[Ieee_vis_open_positions] Postdoctoral scientist - Visual analytic investigation of genomic data

Jan Aerts jan.aerts at esat.kuleuven.be
Fri Dec 7 16:54:44 CET 2012

*Postdoctoral scientist - Visual analytic investigation of genomic data*

Recent technological advancements are changing the face of genetics and
genomics research. Data is now generated at high throughput, and more than
ever a single dataset can be used and reused to address multiple research
questions. As a result, there is an increasing need for tools for
exploration of large amounts of biological data, and generating new
research hypotheses.

Whereas machine learning algorithms and statistics are important in the
field of genetics and genomics, they are primarily aimed at automating
analyses and filtering/prioritizing data. On the other hand, biological
researchers typically use simple plots to investigate their data. This way
of working can however be improved immensely. There are very interesting
opportunities for improving the state of the art in biological data
visualization, including (but far from limited to) integration of different
visualizations, using visualization for cleaning datasets, handling very
large datasets that are difficult to visualize when using naive approaches,
and investigating parameter space of automated algorithms using data

To help us in this endeavour, we are looking for a motivated postdoctoral
researcher who is interested in developing novel visual encodings and
underlying infrastructure in the field of biology, mainly focusing around
characterization of structural genomic variation.

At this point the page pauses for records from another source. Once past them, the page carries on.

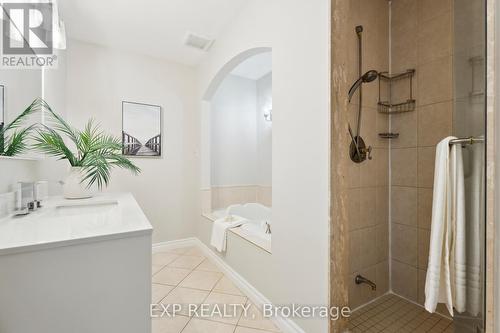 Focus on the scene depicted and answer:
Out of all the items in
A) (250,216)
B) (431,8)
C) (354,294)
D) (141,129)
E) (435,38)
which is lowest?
(354,294)

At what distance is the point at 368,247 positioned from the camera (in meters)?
1.74

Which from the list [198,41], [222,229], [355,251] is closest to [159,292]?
[222,229]

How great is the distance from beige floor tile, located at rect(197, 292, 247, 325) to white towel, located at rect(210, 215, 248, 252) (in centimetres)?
47

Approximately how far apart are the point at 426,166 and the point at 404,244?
680 millimetres

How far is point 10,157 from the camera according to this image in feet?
3.75

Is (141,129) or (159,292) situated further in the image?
(141,129)

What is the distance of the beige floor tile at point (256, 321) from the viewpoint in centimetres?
149

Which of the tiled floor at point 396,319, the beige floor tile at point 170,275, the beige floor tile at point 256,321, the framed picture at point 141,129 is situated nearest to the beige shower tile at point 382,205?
the tiled floor at point 396,319

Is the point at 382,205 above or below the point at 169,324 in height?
above

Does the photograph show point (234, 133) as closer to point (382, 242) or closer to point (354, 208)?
point (354, 208)

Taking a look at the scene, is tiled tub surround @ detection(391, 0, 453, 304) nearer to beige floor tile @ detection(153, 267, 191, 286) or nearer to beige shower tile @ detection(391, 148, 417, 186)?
beige shower tile @ detection(391, 148, 417, 186)

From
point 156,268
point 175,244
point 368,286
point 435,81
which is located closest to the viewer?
point 435,81

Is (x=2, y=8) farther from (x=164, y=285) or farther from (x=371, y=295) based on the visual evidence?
(x=371, y=295)

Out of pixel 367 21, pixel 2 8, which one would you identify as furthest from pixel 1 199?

The position fits within the SymBioSys consortium of computational
scientists and molecular biologists at the University of Leuven (Belgium),
which investigates how individual genomic variation leads to disease
through cascading effects across biological networks. This consortium has
primary access to different DNA sequencing technologies (454, Illumina
HiSeq, PacBio) and is at the forefront of research in single-cell genomics,
constitutional disorders and cancer.

We offer a competitive package and a fun, dynamic environment with a
top-notch consortium of young leading scientists in bioinformatics, human
genetics and cancer. Our consortium offers a rare level of
interdisciplinarity, from machine learning algorithms and data
visualization to fundamental advances in molecular biology, to direct
access to the clinic. The University of Leuven is one of Europe’s leading
research universities, with English as the working language for research.
Leuven lies just east of Brussels, at the heart of Europe.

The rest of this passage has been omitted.